_About this exercise_. Please give back word for word the lines of the material below between the line containing "Vendo esse carrinho" and the line containing "2104 Churchill Way, Oklahoma City, OK 73120", inclusive.

_Input data_.
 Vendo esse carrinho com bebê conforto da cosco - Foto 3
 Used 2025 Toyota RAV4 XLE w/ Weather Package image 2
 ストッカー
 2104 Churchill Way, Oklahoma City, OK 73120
---
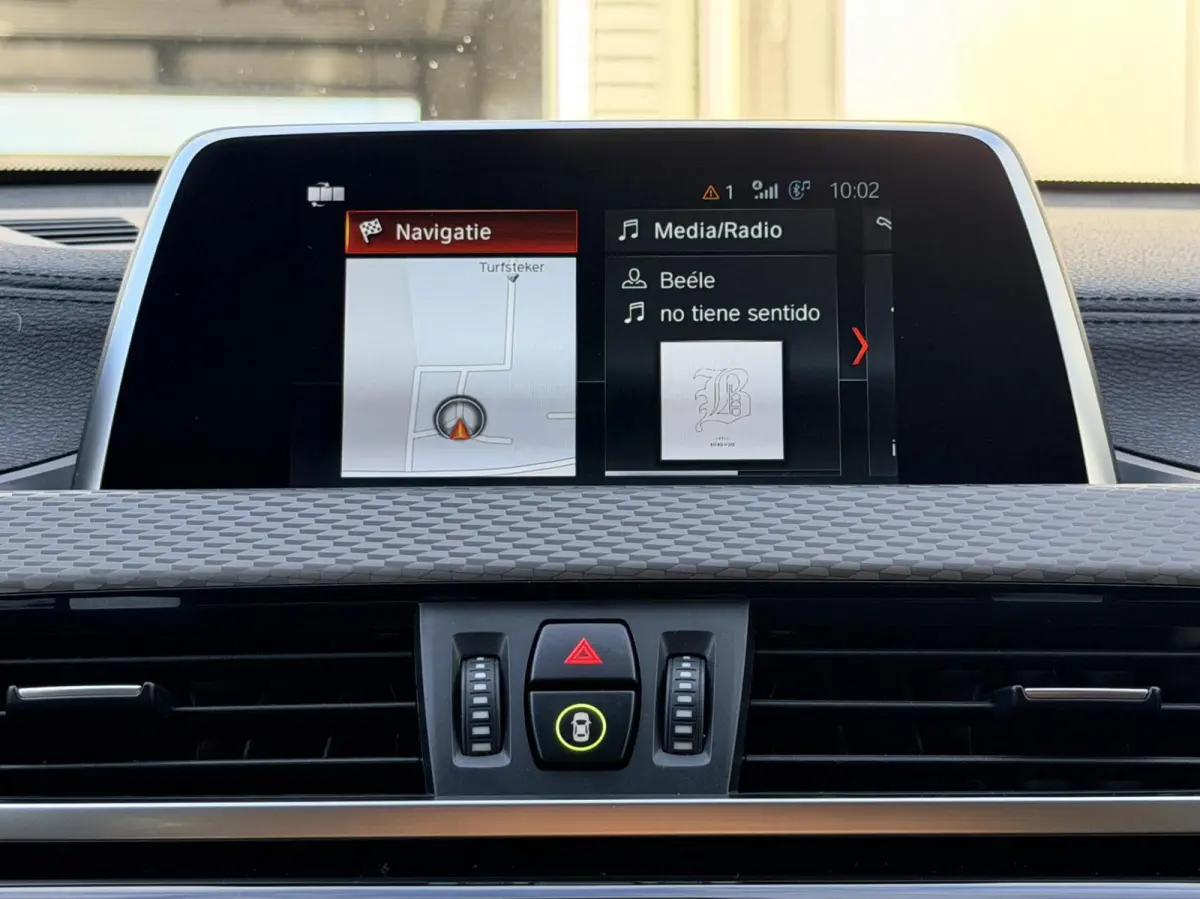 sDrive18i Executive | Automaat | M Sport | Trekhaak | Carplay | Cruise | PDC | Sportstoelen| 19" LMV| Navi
* * *
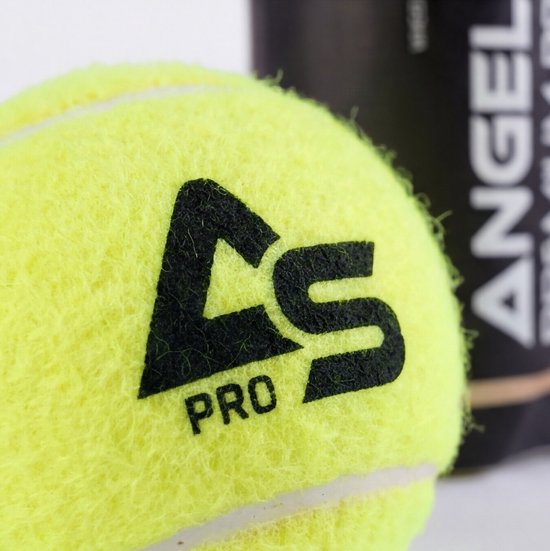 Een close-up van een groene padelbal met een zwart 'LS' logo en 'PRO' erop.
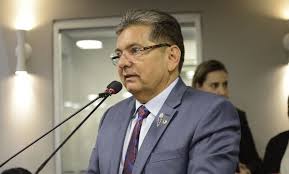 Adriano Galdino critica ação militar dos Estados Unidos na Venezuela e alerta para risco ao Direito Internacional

_Result_.
 Vendo esse carrinho com bebê conforto da cosco - Foto 3
 Used 2025 Toyota RAV4 XLE w/ Weather Package image 2
 ストッカー
 2104 Churchill Way, Oklahoma City, OK 73120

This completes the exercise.